REQUIRED WORK
Among the entries below, please repeat exactly and only the lines from the line containing "The domed hinged" to the line containing "Borussia's Nico Schlotterbeck, top", both lines included.

SOURCE MATERIAL
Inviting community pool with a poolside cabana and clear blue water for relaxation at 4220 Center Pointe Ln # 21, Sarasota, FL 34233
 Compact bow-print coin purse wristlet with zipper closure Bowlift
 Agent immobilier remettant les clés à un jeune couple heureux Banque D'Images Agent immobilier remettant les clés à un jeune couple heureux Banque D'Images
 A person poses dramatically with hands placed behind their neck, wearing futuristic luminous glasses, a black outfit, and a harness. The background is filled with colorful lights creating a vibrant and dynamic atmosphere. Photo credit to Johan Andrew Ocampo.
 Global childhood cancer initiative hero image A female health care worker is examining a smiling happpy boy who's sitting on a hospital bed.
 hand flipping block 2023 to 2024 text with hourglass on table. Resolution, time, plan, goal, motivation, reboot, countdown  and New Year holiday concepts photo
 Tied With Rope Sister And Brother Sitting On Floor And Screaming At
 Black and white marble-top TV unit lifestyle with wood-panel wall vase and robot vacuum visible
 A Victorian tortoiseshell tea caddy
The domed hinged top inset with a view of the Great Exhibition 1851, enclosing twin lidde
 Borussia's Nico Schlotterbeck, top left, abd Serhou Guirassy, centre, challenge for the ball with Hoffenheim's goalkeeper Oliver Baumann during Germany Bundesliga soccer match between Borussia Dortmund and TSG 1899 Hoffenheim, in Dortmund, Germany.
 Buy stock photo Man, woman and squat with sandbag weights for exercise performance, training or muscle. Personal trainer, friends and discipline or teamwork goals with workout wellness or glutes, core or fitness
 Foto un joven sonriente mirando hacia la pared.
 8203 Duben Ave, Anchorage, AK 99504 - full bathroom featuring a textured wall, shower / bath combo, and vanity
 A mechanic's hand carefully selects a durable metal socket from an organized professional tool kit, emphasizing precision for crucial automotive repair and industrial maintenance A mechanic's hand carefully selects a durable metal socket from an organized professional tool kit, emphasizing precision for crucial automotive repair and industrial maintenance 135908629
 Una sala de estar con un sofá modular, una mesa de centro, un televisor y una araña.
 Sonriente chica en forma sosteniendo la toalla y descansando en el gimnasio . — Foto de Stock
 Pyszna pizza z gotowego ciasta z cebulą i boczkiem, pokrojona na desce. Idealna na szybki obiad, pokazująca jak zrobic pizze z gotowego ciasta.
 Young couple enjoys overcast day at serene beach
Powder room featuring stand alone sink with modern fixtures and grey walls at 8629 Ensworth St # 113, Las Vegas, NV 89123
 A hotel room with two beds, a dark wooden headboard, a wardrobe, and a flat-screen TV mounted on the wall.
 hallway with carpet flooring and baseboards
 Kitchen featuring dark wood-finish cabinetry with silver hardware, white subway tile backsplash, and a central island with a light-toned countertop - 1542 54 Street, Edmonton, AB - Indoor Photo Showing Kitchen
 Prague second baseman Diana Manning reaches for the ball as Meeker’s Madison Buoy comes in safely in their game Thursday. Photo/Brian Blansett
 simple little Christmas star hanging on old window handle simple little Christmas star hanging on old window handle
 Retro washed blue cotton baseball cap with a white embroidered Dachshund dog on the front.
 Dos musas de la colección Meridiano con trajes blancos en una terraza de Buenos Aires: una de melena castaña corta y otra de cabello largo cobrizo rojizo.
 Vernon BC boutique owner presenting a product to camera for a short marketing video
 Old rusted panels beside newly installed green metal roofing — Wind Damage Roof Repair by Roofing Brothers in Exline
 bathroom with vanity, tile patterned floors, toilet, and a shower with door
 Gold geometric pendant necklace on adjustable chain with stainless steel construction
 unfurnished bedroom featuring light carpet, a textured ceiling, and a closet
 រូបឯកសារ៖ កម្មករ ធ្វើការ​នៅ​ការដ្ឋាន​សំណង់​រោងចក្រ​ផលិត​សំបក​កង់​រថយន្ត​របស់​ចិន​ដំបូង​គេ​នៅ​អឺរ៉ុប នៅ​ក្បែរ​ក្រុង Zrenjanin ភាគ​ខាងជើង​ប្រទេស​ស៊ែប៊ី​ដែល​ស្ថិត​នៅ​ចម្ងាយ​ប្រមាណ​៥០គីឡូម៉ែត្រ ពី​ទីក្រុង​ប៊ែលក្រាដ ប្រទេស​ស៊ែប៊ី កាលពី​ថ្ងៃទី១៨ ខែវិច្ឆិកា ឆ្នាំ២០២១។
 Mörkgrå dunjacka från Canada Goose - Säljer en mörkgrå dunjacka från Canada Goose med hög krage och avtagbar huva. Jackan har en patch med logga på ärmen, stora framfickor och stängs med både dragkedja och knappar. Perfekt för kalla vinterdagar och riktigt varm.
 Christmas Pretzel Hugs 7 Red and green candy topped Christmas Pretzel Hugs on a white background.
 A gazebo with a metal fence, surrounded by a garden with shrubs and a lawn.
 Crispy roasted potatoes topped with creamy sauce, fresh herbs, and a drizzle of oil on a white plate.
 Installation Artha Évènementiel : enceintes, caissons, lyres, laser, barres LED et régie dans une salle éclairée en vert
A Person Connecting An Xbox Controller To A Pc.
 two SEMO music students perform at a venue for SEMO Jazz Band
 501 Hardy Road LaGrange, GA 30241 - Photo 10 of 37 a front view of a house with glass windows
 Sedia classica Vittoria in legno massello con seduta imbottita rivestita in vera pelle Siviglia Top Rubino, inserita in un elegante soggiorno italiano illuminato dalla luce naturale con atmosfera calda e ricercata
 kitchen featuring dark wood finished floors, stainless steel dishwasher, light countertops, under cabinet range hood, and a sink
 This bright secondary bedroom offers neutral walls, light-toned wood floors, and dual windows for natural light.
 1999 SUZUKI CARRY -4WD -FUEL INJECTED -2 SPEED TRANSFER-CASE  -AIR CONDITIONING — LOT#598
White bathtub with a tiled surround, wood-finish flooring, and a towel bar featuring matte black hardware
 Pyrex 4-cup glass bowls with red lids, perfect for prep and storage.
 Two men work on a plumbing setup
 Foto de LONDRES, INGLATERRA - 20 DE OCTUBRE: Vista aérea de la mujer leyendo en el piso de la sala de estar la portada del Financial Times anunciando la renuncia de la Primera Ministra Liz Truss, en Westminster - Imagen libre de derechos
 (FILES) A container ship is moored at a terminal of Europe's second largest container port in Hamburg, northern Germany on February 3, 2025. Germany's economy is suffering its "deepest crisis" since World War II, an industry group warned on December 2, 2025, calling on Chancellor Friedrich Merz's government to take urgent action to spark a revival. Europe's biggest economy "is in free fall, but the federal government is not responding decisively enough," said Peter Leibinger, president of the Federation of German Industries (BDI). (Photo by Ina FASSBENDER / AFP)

RESPONSE TO THE EXERCISE
The domed hinged top inset with a view of the Great Exhibition 1851, enclosing twin lidde
 Borussia's Nico Schlotterbeck, top left, abd Serhou Guirassy, centre, challenge for the ball with Hoffenheim's goalkeeper Oliver Baumann during Germany Bundesliga soccer match between Borussia Dortmund and TSG 1899 Hoffenheim, in Dortmund, Germany.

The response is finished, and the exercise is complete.